66One of the main improvements of the Regulation 428/2009 compared to Regulation 1334/2000 has been the extension of the scope of application of the controls to movements other than exports, as suggested by their respective titles. In 2000, already, the European Union had introduced the distinction between exports (to third-countries) and transfers (intra-Community) in order to emphasize the importance of the internal area of trust and free trade for the Union. As mentioned earlier the Union had also left in 2000 the idea of including the supply of service or transmission of technology which would involve cross-border movements of person to the responsibility of the Common Foreign and Security Policy, as they must be seen as components of the cooperation between the Union and third-States in the area of security and defence. These aspects, therefore, are regulated by the Council Joint Action of June 2000. In 2009, the Union added also the external transit of goods and the brokering to this pre-existing ground. Therefore, it is going further beyond the limited scope of the NSG guidelines.
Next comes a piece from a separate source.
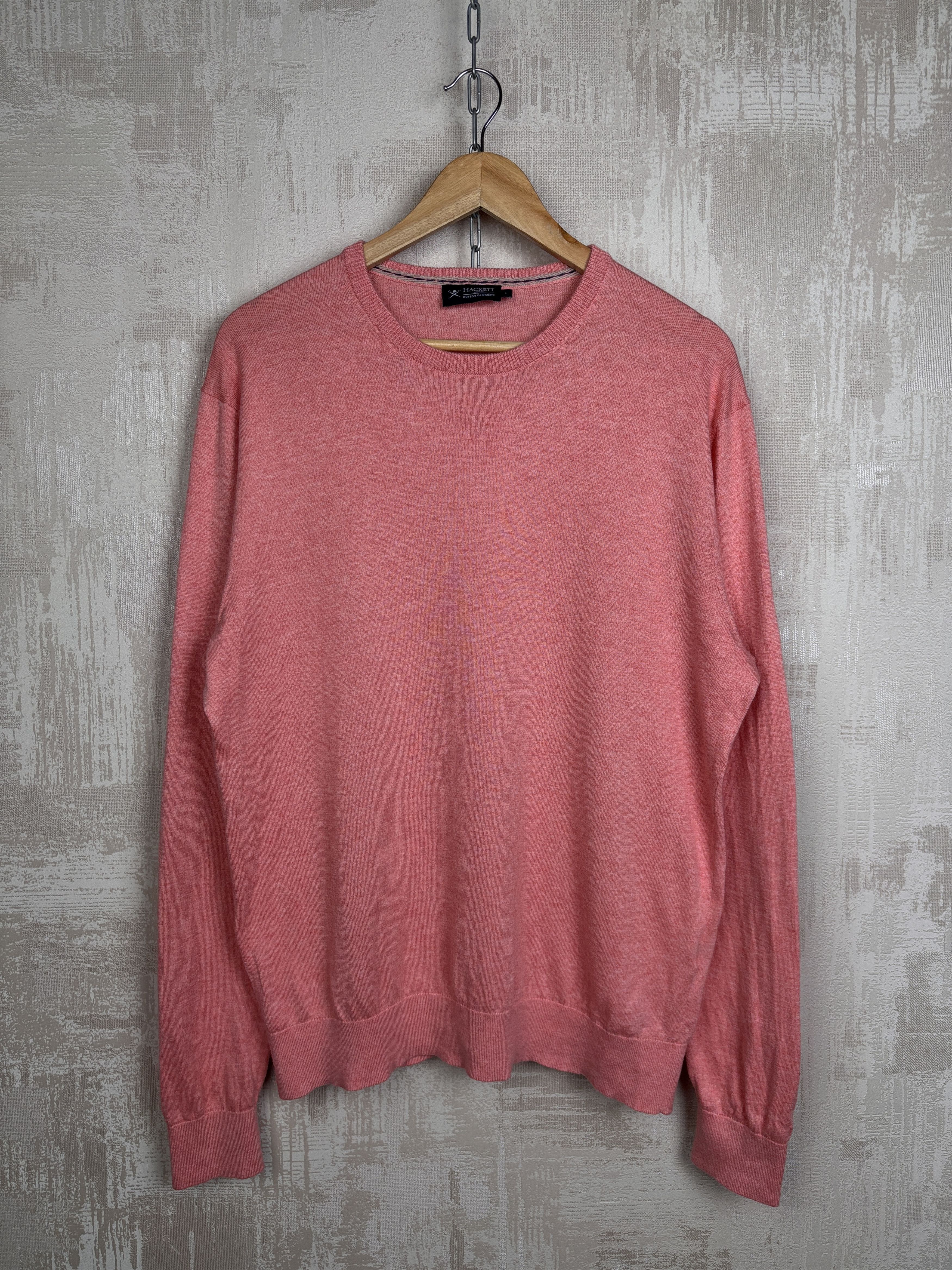 Hackett Hackett London Cotton Cashmere Crew Sweater Elbow Pads Coral Size US L / EU 52-54 / 3 - 3 Thumbnail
67In the Article 2 of Regulation 428/2009, the term “export” includes, apart from its common meaning, also the re-export of the item or technology and, coming to this latter element, the intangible exports, meaning the transmission of technology or software through electronic media, which are more difficult to control in practice. The key principle, under Article 3, is that any export of item listed (in the Annex I) shall be subjected to authorisation, similar to the NSG provisions. The exporter must therefore address his national authority for such authorisation granted in the form of a licence. In the European Regulation, the “catch-all” concept may be also found but it has been developed:
68- The EU Member States may impose an authorisation requirement for items not listed if there is a risk that the item to be exported may be diverted to a WMD programme (Article 4.3, similar to the NSG provisions);
69- The exporter must notify its authorities if he is aware that his export of not-listed items is intended to serve to a WMD programme (Article 4.4) and the authorities decide whether or not an authorisation is required;
70- The Member States may impose an authorisation requirement if the exporter has ground for suspecting that his export of not-listed items may serve to a WMD programme (Article 4.5, also called “suspicion clause”);
71- The Member States may prohibit or impose an authorisation requirement for an export of not-listed items if the export may be used in breach with public security or human rights considerations (Article 8.1).
72The two latter clauses are only options for the Member States although the two former must be implemented in the national legislations.
73The possibility to impose an authorisation requirement or a ban on transit operations, i.e. transit through the Union’s territory of a good for a destination located in a third-EU country (Article 2), is the sole responsibility of the Member States. However, only the transit of items listed in Annex I which may contribute to a WMD programme and items not-listed for a military end-use or for an end-use country under subjected to embargo may be submitted to authorisation requirement or ban. The authorisation is only valid in the Member State where the item transits through, unlike the export authorisation which is valid throughout the Union’ territory.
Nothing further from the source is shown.